When you break five Spridget gearboxes in 18 months, the cause can be considered more than heavy-handed driving. Tim Fenna started racing soon after he passed his driving test and the standard MG 'box couldn’t cope. So, the young engineer converted a Toyota gearbox to use instead. It worked a treat, the press loved it, orders flooded in and Frontline was born.
The robust gearbox then showed up the weakness in the rest of the car. Tim sought more power, better suspension, handling and brakes, and over time, he delivered. Essentially, Tim and his team made the car the original MG engineers always wanted to make, but using more modern, exacting and high-performance technologies. In fact, when reviewed by the late Don Hayter the original Chief Engineer of the MGB, he stated, "This is the car we always wanted to build."
Frontline was born in 1991 to develop MG drivetrains for race-proven reliability. By 1997 Frontline was a fully established performance parts supply operation and thirteen years later the company relocated to Abingdon and the former Benetton F1 factory where the Company is based to this day. It was in Abingdon that the restoration services flourished, many incorporating upgraded Frontline components. Ultimately, the aim was to build complete 'Restomod' MGBs - to offer an MGB without comprise. It took 10 years of hard graft, but the result was the LE50: an ultimate MGB of their own. And it was an instant hit.
Despite the LE50's performance prowess, some customers wanted even more performance. The result was the Abingdon roadster: an ultimate, optimised version of the Mazda-powered LE50. BBC Top Gear presenter and show host/DJ Chris Evans voted it the finest car he had driven during the whole Top Gear season. So, the Abingdon sold out very quickly, demonstrating the demand for MGBs that could perform as well as almost any modern car. And so the Abingdon factory grew.
During these expansion years Ed Braclik was partner to Tim Fenna, masterminding the sales and promotion aspects to the business from 2008 to 2021. Ed had been an early Frontline customer and 'bought in' to such an extent that he ended up a pivotal influence in the Company's growth. With Maggie Patston running the office and admin since 1995, staff loyalty has played a core role in the Frontline story.
Customer relationships are close at Frontline and such a personal service fuelled international sales which grew majorly, Frontline LE50s, Abingdon Editions and Bespoke Editions being sold all over the world. By the time the LE50 and Abingdon were sold out well over 100 Frontline MGs had been made.
Today Frontline enters a new era, presenting the LE60 V8 GT and the Electric Edition 'BEE' - two very different cars. The LE60 is the ultimate vision of a MGB Grand Tourer with pace, agility and character in abundance; the BEE is an electric B (B Electric Edition) and shows how electric cars can be thrilling to drive, too.
Over 30 years on, Frontline has built a formidable reputation for building classics that are beautifully engineered, exquisitely made pure drivers' cars. Every Edition is created with passion and in full pursuit of perfection.

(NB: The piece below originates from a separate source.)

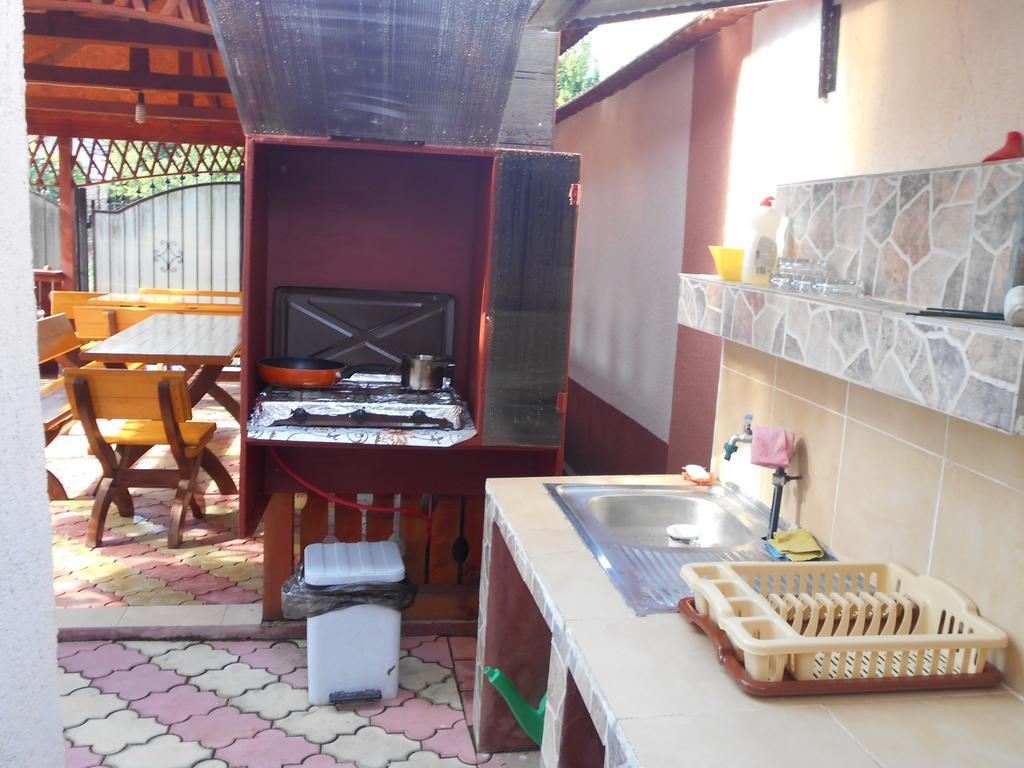 Vila Maricris Tuzla Esterno foto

The Pininfarina-styled MGB was the ubiquitous British sportscar. Over half a million were built from 1962-80 and, although designed to a low budget and built to a questionable quality standard, every one of them brought glamour, practicality and joy to its enthusiastic owner.
MGBs were also easy to work on, and even today officially sanctioned original machinery reproduces original body shells. So, the market was strong for a much-improved MGB: for the kind of car the MG engineers originally dreamed of building, before the money men got involved... And Tim Fenna took on the challenge, creating one of the very first 'restomod' classic cars: that is a much improved and thoroughly modernised version of an existing classic car.

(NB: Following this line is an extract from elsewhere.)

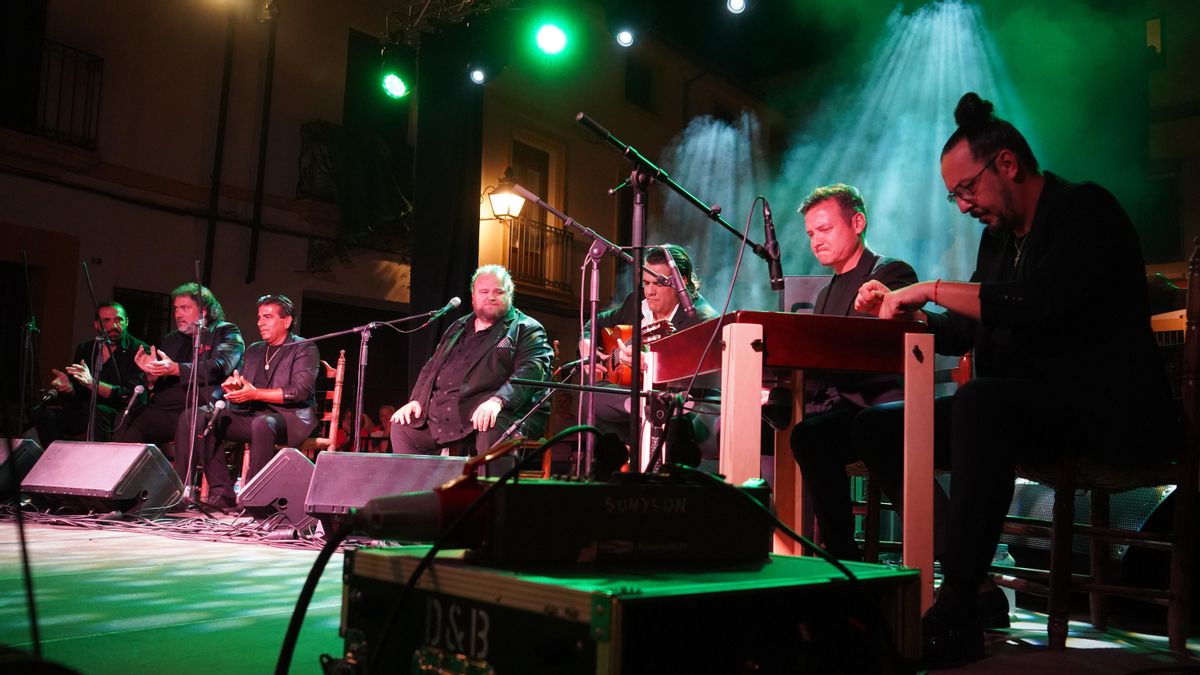 El concierto de Ezequiel Benítez en la Plaza del Potro en la Noche Blanca del Flamenco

While other 'restomod' firms took high quality, exotic cars as the 'basis' vehicles - Porsches, E-type Jaguars, Mercedes - Tim was determined to evolve the MGB into something world beating. It was light, popular, pretty and the basic design was terrific. And there were modern engines from Mazda that suited the vision perfectly...
So, Frontline MGs were to be far more than dressed-up or accessorised 'restomods': they were to rebuilt to ultimate standards, from all aspects of the engineering (drivetrain, suspension, brakes, rigidity) to door shut-lines, panel seams and every detail. Taking a lead from the finest custom and coachbuilding traditions and combining them with cutting-edge race-bred engineering, the result is a Frontline MG: high performance cars like no others in the world.

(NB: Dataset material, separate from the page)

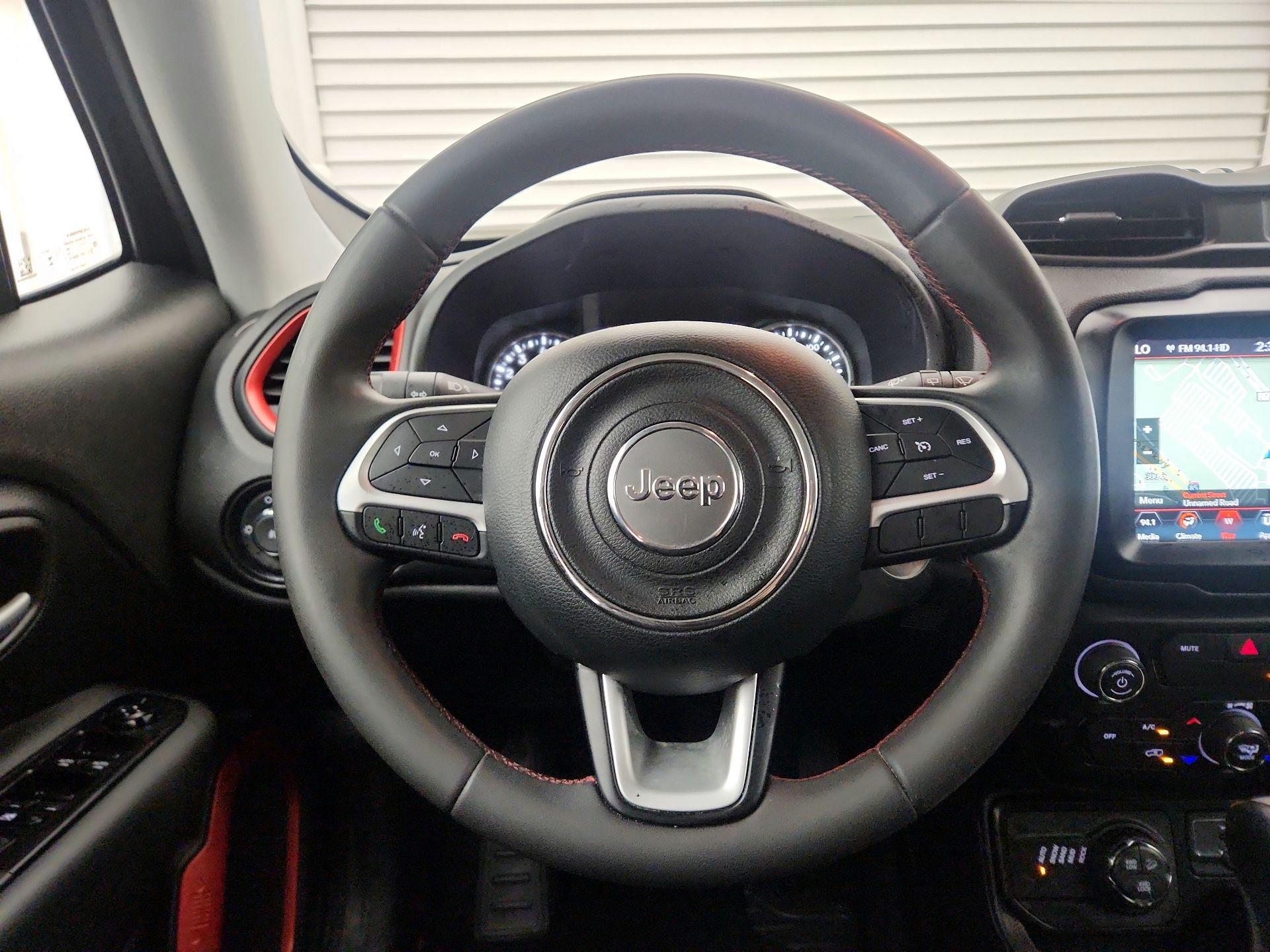 Thumbnail: 2023 Jeep Renegade - 10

There is probably no other company that takes a 50-60 year old low-cost, mass-produced sports car and turns out into a model the fits perfectly into the modern world. Moreover, a car that is an icon and heirloom - something to treasure forever.
As any classic car owner knows, modern cars are built to far better standards and impressive levels of efficiency and reliability. However, modern cars are also often very boring indeed.
At Frontline, the charisma and appeal of the original MGB is fundamentally imbued into the brilliance of the modernised tech. Moreover, all the rough edges and compromises are painstakingly removed. Even the paintwork is several times as thick, and takes hundreds of hours to perfect. And the interior is more akin to a fine glove than sports car vinyl of old…
Above all, it’s a very personal process. The customer is involved at every stage from conception and commission to creation and refining: it’s a happy and rewarding journey in the making.